WHAT IS REQUIRED —
Exact reproduction is required for the lines below starting at the line with "Dao Li Hotel" and ending at the line with "Flor típica del", both included. No other lines, and no pictures.

━━ DATA UNDER STUDY

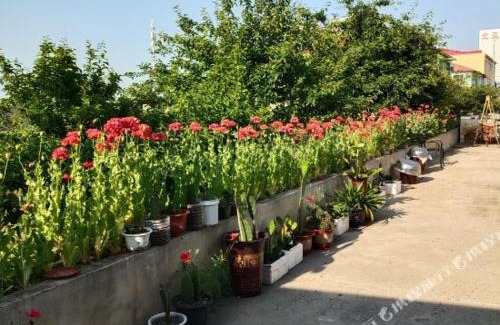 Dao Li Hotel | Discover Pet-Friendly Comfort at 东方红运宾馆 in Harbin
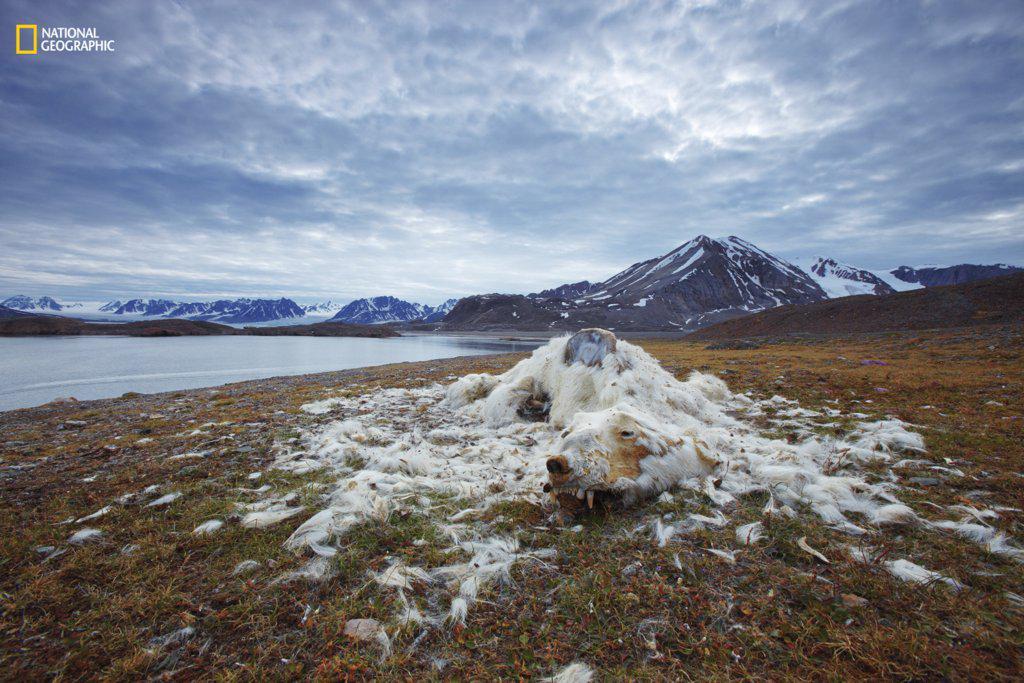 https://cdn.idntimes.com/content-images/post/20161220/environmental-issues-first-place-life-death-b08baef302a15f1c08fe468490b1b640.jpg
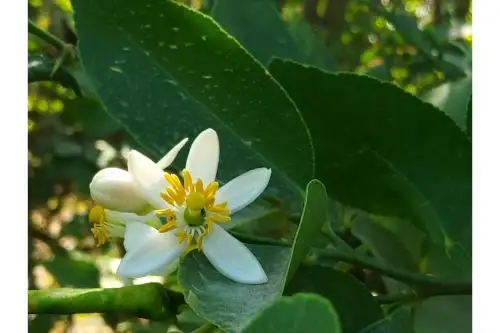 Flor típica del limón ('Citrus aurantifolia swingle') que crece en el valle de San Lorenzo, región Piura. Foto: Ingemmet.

━━━━
━━ DATA UNDER STUDY

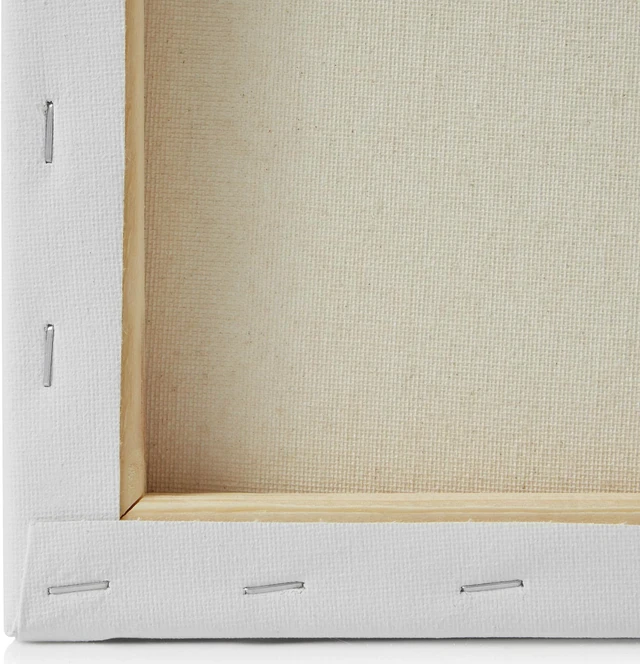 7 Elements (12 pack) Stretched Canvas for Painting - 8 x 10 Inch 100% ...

━━━━
━━ DATA UNDER STUDY

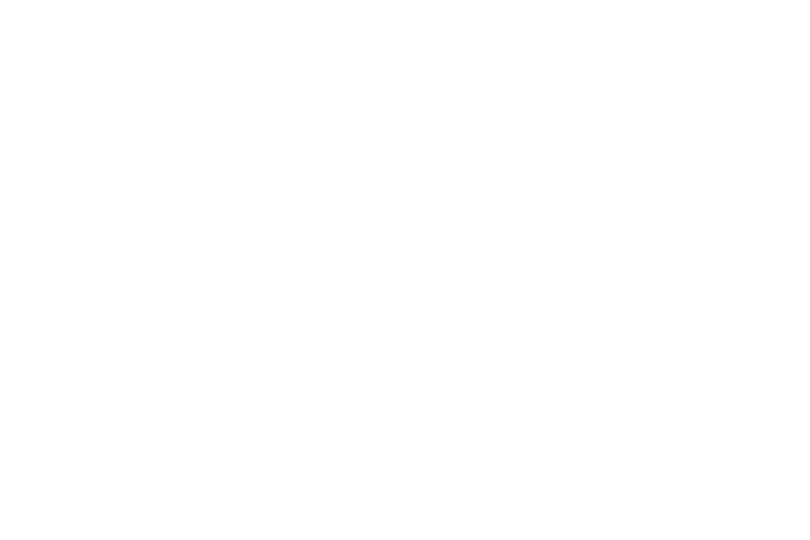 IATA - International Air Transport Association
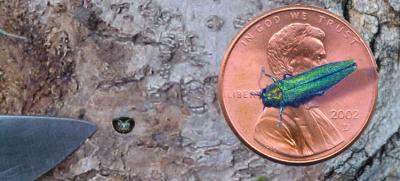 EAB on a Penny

━━━━

TASK OUTPUT —
 Dao Li Hotel | Discover Pet-Friendly Comfort at 东方红运宾馆 in Harbin
 https://cdn.idntimes.com/content-images/post/20161220/environmental-issues-first-place-life-death-b08baef302a15f1c08fe468490b1b640.jpg
 Flor típica del limón ('Citrus aurantifolia swingle') que crece en el valle de San Lorenzo, región Piura. Foto: Ingemmet.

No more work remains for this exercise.